From: William on 27 Jul 2010 15:22 angle = input('Enter angle of trajectory= '); %Angle V= input('Enter velocity= '); %Velocity p= input('Enter Position of elevation= '); %Position G= 9.8; %Gravity t=0:0.1:20; %# of Calculations %% h= t*V*cos(angle); %height f= p+t*V*sin(angle) - 1/2*G*t.^2; %flight plot(h,f,'-'); set(gca,'xlim',[0,length(h)/2],'ylim',[0,(max(f)+5)]) %Graphical restrictions % note the +5 in max(f)+5 is only to grow the graph slightly, for later annotation % space.

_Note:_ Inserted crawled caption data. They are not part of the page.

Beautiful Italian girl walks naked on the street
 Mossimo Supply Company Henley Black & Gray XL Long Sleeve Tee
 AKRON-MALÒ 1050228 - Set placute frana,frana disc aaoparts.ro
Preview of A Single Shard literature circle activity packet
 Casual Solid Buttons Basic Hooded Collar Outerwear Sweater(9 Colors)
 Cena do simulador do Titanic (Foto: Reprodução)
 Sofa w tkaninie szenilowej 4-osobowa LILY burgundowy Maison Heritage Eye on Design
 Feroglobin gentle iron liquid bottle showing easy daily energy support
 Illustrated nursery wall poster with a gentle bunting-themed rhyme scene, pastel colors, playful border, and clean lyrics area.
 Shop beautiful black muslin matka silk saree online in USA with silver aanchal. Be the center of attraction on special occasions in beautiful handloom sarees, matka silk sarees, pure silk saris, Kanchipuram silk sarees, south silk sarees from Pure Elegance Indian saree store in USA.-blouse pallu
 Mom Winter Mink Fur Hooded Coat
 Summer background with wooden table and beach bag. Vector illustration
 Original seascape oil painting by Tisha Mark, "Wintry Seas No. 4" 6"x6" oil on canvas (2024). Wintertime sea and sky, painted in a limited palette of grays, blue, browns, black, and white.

Just about any input you can imagine doesnt allow the x format to work correctly, but here are some. angle = 45 velocity = 55 position = 10 or angle = 45 velocity = 155 position = 10
From: Alan B on 27 Jul 2010 15:32 "William " <william.baxter(a)oit.edu> wrote in message <i2nblf$rj8$1(a)fred.mathworks.com>... > angle = input('Enter angle of trajectory= '); %Angle > V= input('Enter velocity= '); %Velocity > p= input('Enter Position of elevation= '); %Position > G= 9.8; %Gravity > t=0:0.1:20; %# of Calculations > > %% > h= t*V*cos(angle); %height > f= p+t*V*sin(angle) - 1/2*G*t.^2; %flight > plot(h,f,'-'); > set(gca,'xlim',[0,length(h)/2],'ylim',[0,(max(f)+5)]) %Graphical restrictions > > % note the +5 in max(f)+5 is only to grow the graph slightly, for later annotation > % space. > > Just about any input you can imagine doesnt allow the x format to work correctly, but here are some... Maybe you should use max(h) WITHOUT dividing by 2? I don't know why you can't just use this very straightforward solution: set(gca,'xlim',[min(h), max(h)],'ylim',[min(f), max(f)]) %Graphical restrictions
From: us on 27 Jul 2010 15:36
"William " <william.baxter(a)oit.edu> wrote in message <i2nblf$rj8$1(a)fred.mathworks.com>... > angle = input('Enter angle of trajectory= '); %Angle > V= input('Enter velocity= '); %Velocity > p= input('Enter Position of elevation= '); %Position > G= 9.8; %Gravity > t=0:0.1:20; %# of Calculations > > %% > h= t*V*cos(angle); %height > f= p+t*V*sin(angle) - 1/2*G*t.^2; %flight > plot(h,f,'-'); > set(gca,'xlim',[0,length(h)/2],'ylim',[0,(max(f)+5)]) %Graphical restrictions > > % note the +5 in max(f)+5 is only to grow the graph slightly, for later annotation > % space. > > Just about any input you can imagine doesnt allow the x format to work correctly, but here are some. > > angle = 45 > velocity = 55 > position = 10 well... you're still using LENGTH()... why(?)... set(gca,'xlim',[0,length(h)/2],'ylim',[0,(max(f)+5)]) %Graphical restrictions using your input, then yrng=.1*(max(f)-min(f)); % <- +/- 10% for the eye... set(gca,'xlim',[0,max(h)],'ylim',[min(f)-yrng,max(f)+yrng]); % displays reasonably well... us |